インターハイの全国大会でこの会場に来るのは今年で三回目になる。物販スペースに見知った顔を見つけて思わず声をあげてしまった。

「?」

宮城県代表、白鳥沢の牛島若利くん。今までに何度も対戦したことがあるし有名な選手だから、私に限らずこの会場にいる誰もが知っている名前だと思う。
牛島くんはいきなり声をあげた私と目が合うと首を傾げた。何回か対戦してると言っても私はマネージャー。牛島くんの記憶に残ってないのは当たり前だ。
一度も会話をしたことがない牛島くんに対して何故こんな反応をしてしまったのかというと、佐久早くんが原因だ。3回戦が終わった後古森くんに「まだ若利くんに会えてない」と言ってるのを盗み聞きしてしまった。
どうやら佐久早くんは牛島くんのことをライバル視していると同時に慕っているようで、私も何度か2人が一緒にいる場面を見たことがあった。中学の頃からお互いに名前が知れ渡っていたから多分昔からの付き合いなんだと思う。
牛島くんと話す時の佐久早くんはどこか幼く見えて、勝手にお兄ちゃんみたいな存在なのかなと思っている。佐久早くんが会いたがってる相手を偶然にも見つけたから、思わず声をあげてしまったというわけだ。

「あ、あ、あの!」
「?」

振り返った牛島くんとしっかり目が合ってしまってもう逃げられない。私はなりふり構わず牛島くんに声をかけた。周りにいたチームメイト達の視線も集まってしまって恥ずかしい。

「あれ〜?井闥山のマネちゃんだよネ?」
「俺に何か用か?」

一応井闥山のマネージャーとして認知はされていたけど、談笑ができる程打ち解けてるわけじゃないし言葉を交わすのは今が初めてだ。何か用かと聞かれてすぐに答えることができなかった。正直にそのまま「佐久早くんが会いたがってるから会いに行ってほしい」と伝えてしまってもいいんだろうか。

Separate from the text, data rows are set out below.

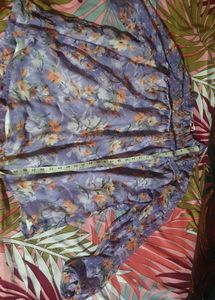 Purple Top With Beautiful Sleeves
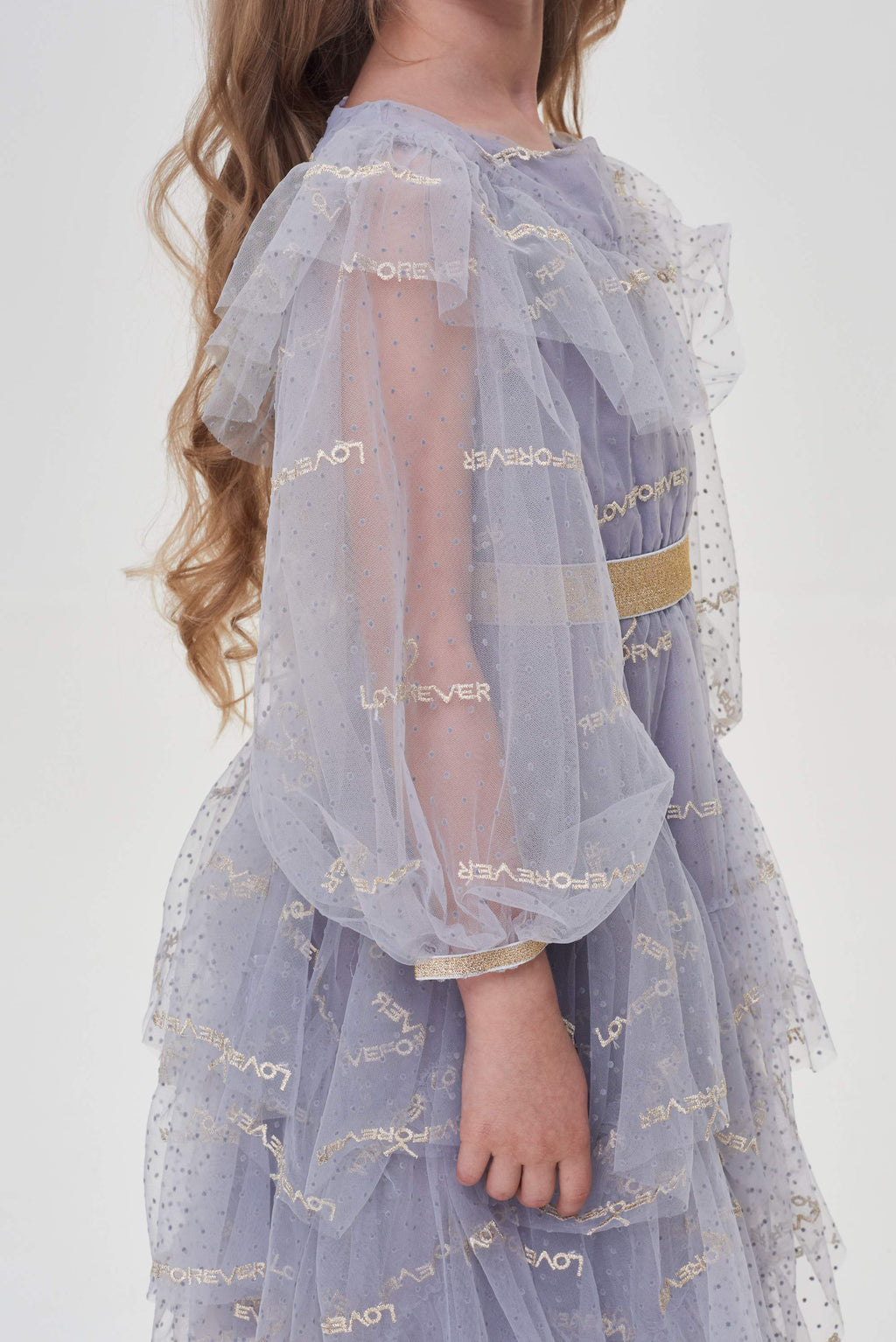 Blue lace smart dress
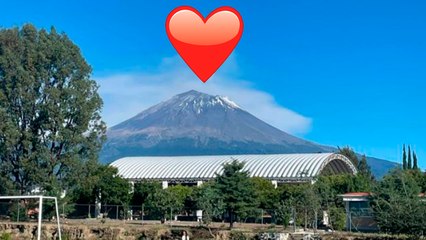Popocatépetl sorprende a todos al lanzar fumarolas en forma de corazón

「んもー、若利くんにぶちんなんだから!ゴメンね〜?」

言い淀んでいたらミドルブロッカーの天童くんがニヤニヤと笑みを浮かべながら牛島くんに耳打ちをして、私と牛島くんを残して去っていってしまった。もしかして勘違いさせてしまったかもしれない。誤解を解こうにももうどうすることもできなかった。一方牛島くんの方は変わらず凛々しいお顔で佇んでいる。どうやら牛島くんにはあまり伝わっていないみたいだ。

「あ、みょうじです」
「牛島です」

とりあえず自己紹介をする。軽く頭を下げると牛島くんも綺麗なお辞儀で対応してくれた。育ちの良さが窺える。

「あの、うちの佐久早くんが会いたがっていて……!」

この状況で「やっぱり何でもないです」とは言えなかった。でもこれを伝えたところでどうすればいいんだろうか。佐久早くんのために会いに行ってあげてほしいなんて、図々しくないか。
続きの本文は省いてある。